It’s not unusual for a Firefox test to have to wait for various things such as a tab loading. But recently I needed to write a test that loaded a content tab with a web worker and wait for that before observing the result in a different tab. I am writing this for my own reference in the future, and if it helps someone else, that’s extra good. But I don’t think it will be of much interest if you don’t work on Firefox as the problem I’m solving won’t be relevant and the APIs won’t be familiar.

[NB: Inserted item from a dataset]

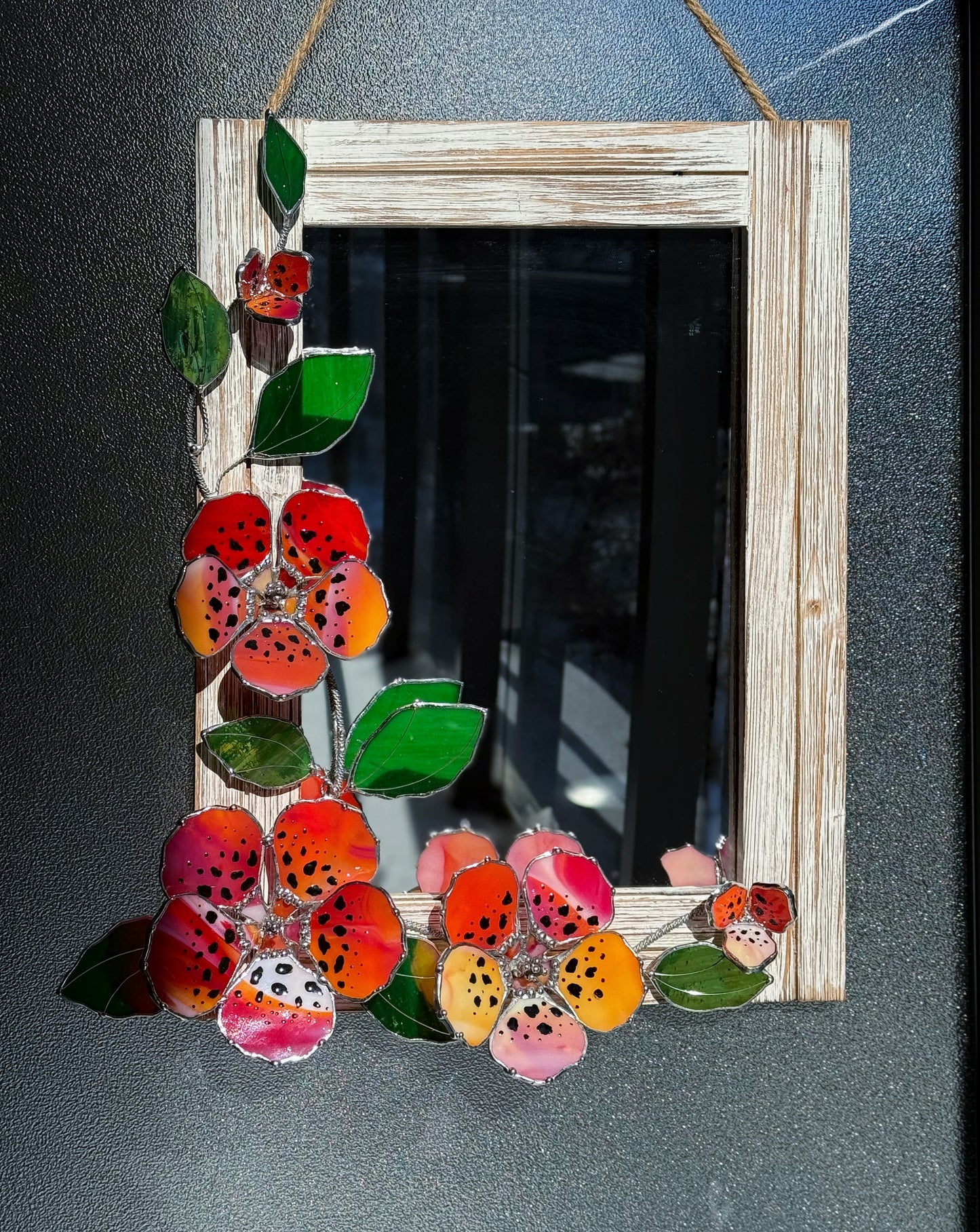 .Tiger Hibiscus Stained glass Wall Mirror, 3D Botanical Floral Art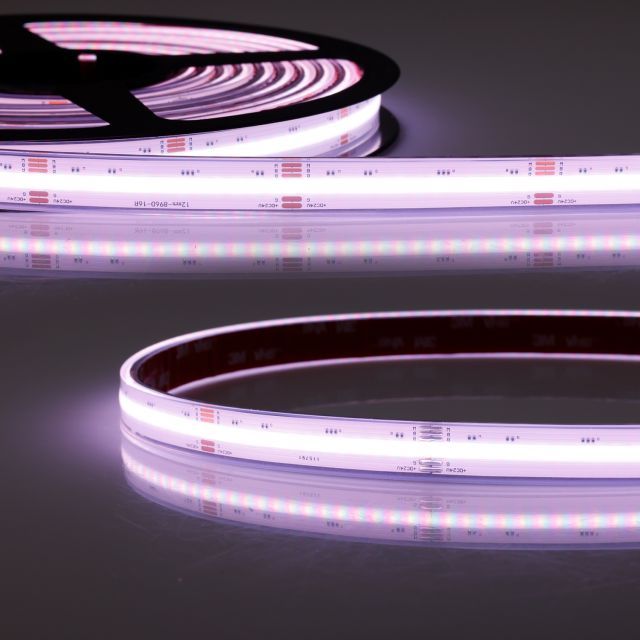 LED AQUA COB RVB Ruban linéaire, 24V DC, 14,4W, IP68, rouleau de 5m, 840 LED/m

I don’t think of myself as a JavaScript programmer - I’m learning what I need to know when I need to know it, but mainly to write tests. So I’m not sure I’ll pitch this article at any particular level of JS knowledge, sorry.
Web Workers
Web Workers provide web pages a way to execute long-running JavaScript tasks in a separate thread, where it won’t block the main event loop. They solve the same problem, allowing a page to use concurrency. However their programming model is more like processes because they don’t share state (global variables or even functions) and communicate by sending and receiving messages.
I realise this is a tangent but it’s a topic I like and you may have the
same questions I did:
So if workers are supposed to solve the same problems as threads do in other
languages, why are they more like processes?
Furthermore, at least in Firefox, each worker instantiates another copy of
the JavaScript engine (the JSRuntime
class) with its own instantiation of
JIT, GC etc.
Isn’t this fairly heavy just to add concurrency?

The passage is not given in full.